2019-10-15 Thread Ryan Sleevi via dev-security-policy
(Replying for the correct address this time)

On Fri, Aug 16, 2019 at 4:28 PM Jason via dev-security-policy <
dev-security-policy@lists.mozilla.org> wrote:

> Hi All,
>
> This is Jason from the Microsoft PKI Services team. I’d like to add some
> context to the note about the certs issued from the Microsoft RSA Root
> Certificate Authority 2017. As you can see, these were all issued to a
> domain registered to Microsoft.
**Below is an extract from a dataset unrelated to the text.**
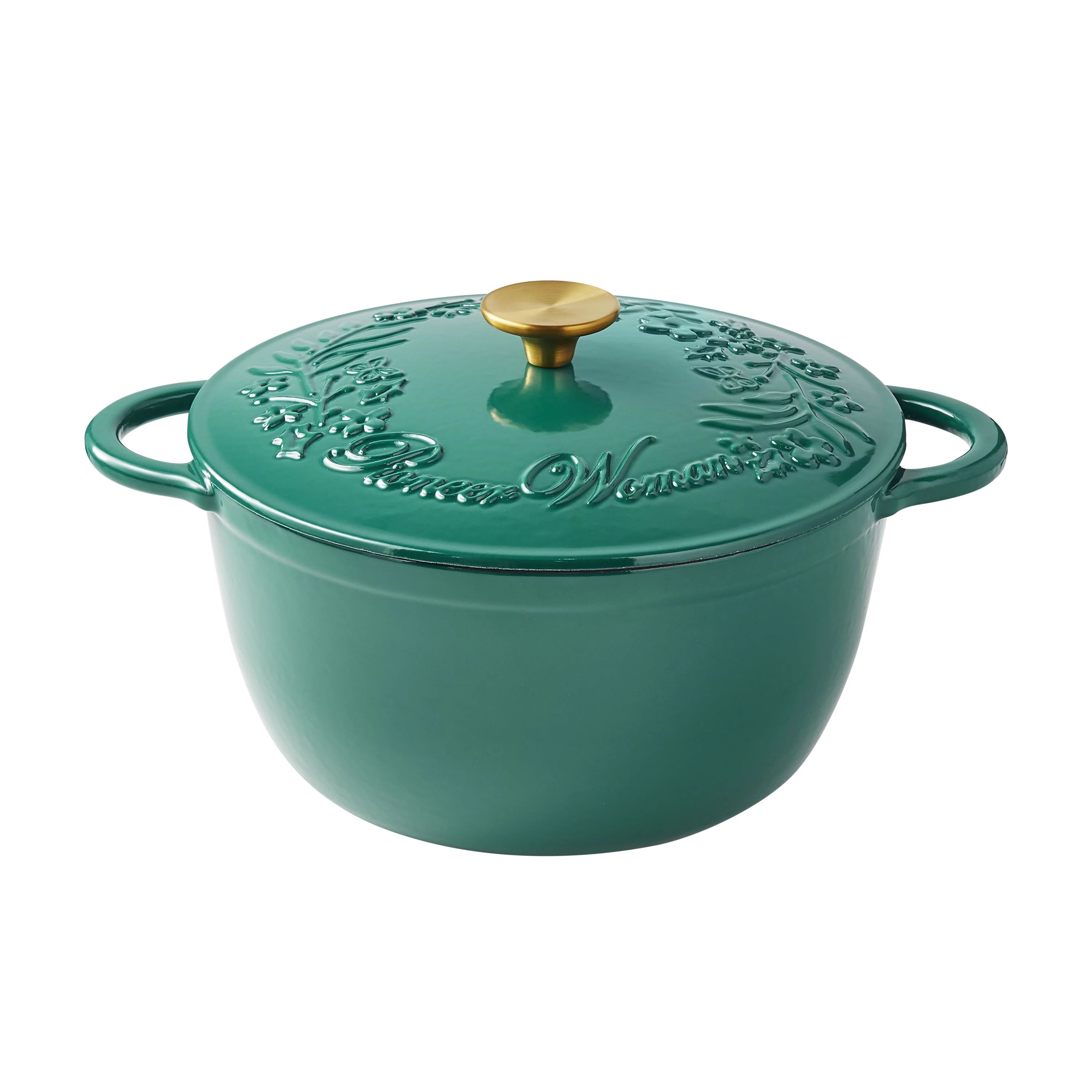 The Pioneer Woman Timeless Beauty 6-Quart Enamel-on-Cast Iron Holiday Dutch Oven, Green | Walmart (US)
While these clearly violate the Subject
> profile requirements in Section 7 of the BRs, nearly all the certs listed
> meet the requirements for Test Certificate as listed in Section 1.6.1 of
> the BRs, including the presence of the “Test” OID (2.23.140.2.1) in a
> critical extension. A few of the test issuances did not meet the
> requirements of 1.6.1 and we have adjusted our policy enforcement
> mechanisms accordingly as a result. That said, we have created an incident
> around this for purposes of reporting to our auditors. Please feel free to
> let me know if you have questions.
>
> Thanks,
> Jason Cooper
>

While this thread has closed, and Microsoft's roots have been included, I
want to circle back on this, as recently another CA brought this up.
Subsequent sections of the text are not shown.